Trainer Werner Meisel - ein Mylauer, der Mitte der 1990er Jahre zum VfB Eintracht Fraureuth wechselte - lockte den jungen Vogtländer 2003 nach Westsachsen. Zu der Zeit galt der Verein mit seiner modernen Anlage als eines der Aushängeschilder des Sports in der Region. "Die Aussicht auf Erfolge war gut und Fraureuth ist ja auch nicht weit weg", sagt der heute 30-Jährige. Mit dem Deutschen Vizemeistertitel in der Jugend-Mannschaft 2004 und 2008 schließlich der Berufung in die U-23-Nationalmannschaft zahlte sich der Wechsel aus.

Auf der Bahn in Fraureuth ist Martin Wolfring heute nur noch selten anzutreffen. Im Herbst nutzte er einen Heimatbesuch, um sich mal wieder mit Vater Ralf zu messen. Das Duell entschied der Senior klar für sich. Ansonsten greift der 30-Jährige - wenn nicht gerade Corona den Sport lahm legt - mit dem VKC Eppelheim in der 1. Bundesliga im 200-Wurf-System an. Seit Sommer gehört der gebürtige Vogtländer fest zur 1. Mannschaft, die in der Vorsaison den Deutschen Meistertitel feierte. Zuvor spielte Martin Wolfring im Zweitligateam, weil er im Studium zu stark eingebunden war.

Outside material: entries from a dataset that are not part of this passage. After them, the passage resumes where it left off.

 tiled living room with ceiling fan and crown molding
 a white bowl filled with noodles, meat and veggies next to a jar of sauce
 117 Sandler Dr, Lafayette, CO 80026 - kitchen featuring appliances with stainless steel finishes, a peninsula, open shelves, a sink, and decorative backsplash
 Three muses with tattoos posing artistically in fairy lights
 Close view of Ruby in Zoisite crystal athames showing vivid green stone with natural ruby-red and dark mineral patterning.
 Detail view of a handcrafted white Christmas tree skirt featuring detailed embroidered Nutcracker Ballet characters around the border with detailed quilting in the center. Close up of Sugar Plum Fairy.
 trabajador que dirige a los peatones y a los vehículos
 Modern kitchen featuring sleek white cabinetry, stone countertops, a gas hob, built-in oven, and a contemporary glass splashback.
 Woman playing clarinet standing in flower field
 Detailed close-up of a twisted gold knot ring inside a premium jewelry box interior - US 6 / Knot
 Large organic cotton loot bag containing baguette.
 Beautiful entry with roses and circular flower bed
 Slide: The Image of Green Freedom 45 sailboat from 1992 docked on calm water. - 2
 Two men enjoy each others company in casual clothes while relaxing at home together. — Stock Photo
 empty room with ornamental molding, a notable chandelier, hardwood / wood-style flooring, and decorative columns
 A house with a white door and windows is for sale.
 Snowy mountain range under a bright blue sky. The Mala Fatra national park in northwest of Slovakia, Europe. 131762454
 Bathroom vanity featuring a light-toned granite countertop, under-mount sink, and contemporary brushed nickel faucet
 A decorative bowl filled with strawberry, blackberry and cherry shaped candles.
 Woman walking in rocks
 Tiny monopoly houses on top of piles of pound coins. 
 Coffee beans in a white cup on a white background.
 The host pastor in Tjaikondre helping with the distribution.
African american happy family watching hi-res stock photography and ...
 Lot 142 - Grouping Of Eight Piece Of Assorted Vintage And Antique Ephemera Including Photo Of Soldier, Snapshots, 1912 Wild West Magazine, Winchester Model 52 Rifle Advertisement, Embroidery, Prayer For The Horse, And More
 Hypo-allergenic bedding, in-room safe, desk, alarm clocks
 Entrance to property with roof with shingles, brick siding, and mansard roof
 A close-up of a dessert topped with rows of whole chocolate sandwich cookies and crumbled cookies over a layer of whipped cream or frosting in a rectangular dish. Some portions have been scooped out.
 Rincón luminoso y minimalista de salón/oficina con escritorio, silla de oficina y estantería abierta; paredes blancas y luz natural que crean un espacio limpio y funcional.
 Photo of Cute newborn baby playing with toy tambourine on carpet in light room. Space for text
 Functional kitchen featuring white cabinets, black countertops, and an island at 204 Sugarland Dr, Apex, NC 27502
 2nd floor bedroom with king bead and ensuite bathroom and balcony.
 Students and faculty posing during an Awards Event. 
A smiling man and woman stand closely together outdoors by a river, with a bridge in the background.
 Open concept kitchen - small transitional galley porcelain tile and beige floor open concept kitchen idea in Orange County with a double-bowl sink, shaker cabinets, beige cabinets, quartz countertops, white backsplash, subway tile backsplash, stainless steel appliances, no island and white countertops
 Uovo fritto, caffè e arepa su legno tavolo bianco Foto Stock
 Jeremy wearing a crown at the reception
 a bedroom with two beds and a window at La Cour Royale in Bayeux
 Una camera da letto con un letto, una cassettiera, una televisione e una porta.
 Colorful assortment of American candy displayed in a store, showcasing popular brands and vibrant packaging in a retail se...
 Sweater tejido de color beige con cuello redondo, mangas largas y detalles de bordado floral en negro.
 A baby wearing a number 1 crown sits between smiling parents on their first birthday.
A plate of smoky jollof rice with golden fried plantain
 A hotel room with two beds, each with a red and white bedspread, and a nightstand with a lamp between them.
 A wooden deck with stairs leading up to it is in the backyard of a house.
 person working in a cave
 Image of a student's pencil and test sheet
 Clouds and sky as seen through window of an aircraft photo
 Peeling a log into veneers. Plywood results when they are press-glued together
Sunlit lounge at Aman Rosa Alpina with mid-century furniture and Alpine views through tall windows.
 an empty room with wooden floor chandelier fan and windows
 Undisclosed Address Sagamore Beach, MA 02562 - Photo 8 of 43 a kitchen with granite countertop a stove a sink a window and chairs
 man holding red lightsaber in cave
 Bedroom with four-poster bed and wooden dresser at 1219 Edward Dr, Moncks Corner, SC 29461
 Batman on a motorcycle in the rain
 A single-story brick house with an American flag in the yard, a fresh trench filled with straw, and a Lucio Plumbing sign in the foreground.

"Ich mache in Heidelberg meinen Master in Molekularer Biotechnologie. Durch Kontakte zu einem Eppelheimer Spieler, den ich noch aus der Zeit in der Nationalmannschaft kenne, bin ich beim Verein gelandet", erzählt Wolfring, für den die aktuell lange Trainingspause nicht komplettes Neuland ist. Während seines Bachelorstudiums in Cleve zum Beispiel kegelte er nur sehr unregelmäßig: "Wenn man dann wieder einsteigt, fehlt am Anfang einfach die Konstanz. Man kann zwar mit Läufen und Radtouren die allgemeine Fitness behalten, aber fürs Kegeln selbst braucht es das regelmäßige Training auf der Bahn."

In der Kegelwelt hat der Vogtländer auch schon im Süden Deutschlands Station gemacht. Während eines Praktikums spielte er in Weil am Rhein, dort damals im 120-Wurf-System. Festgelegt auf eine der beiden Varianten ist der 30-Jährige nicht. "Im Großen und Ganzen macht mir das 120er-System mehr Spaß. Es ist einfach mehr Spannung drin, auch für die Zuschauer. Irgendwann wird es sicher noch mehr in diese Richtung gehen", sagt er.

Festlegen will er sich auch deshalb nicht, weil er noch nicht weiß, wo es ihn nach dem Studium hinzieht. Sollte es aber in der Nähe einen Kegelverein geben, so dürfte er dort auf der Bahn stehen. Schon allein, weil die Familienduelle bestehen bleiben sollen. "Das ist einfach noch mal lustiger, wenn du gegen deinen Bruder oder Vater spielst. Auch mein Onkel Gerd kegelt, sogar in der Nähe von Eppelheim. Da ist es immer spannend, wer die Nase vorn hat. Denn gut sind wir alle."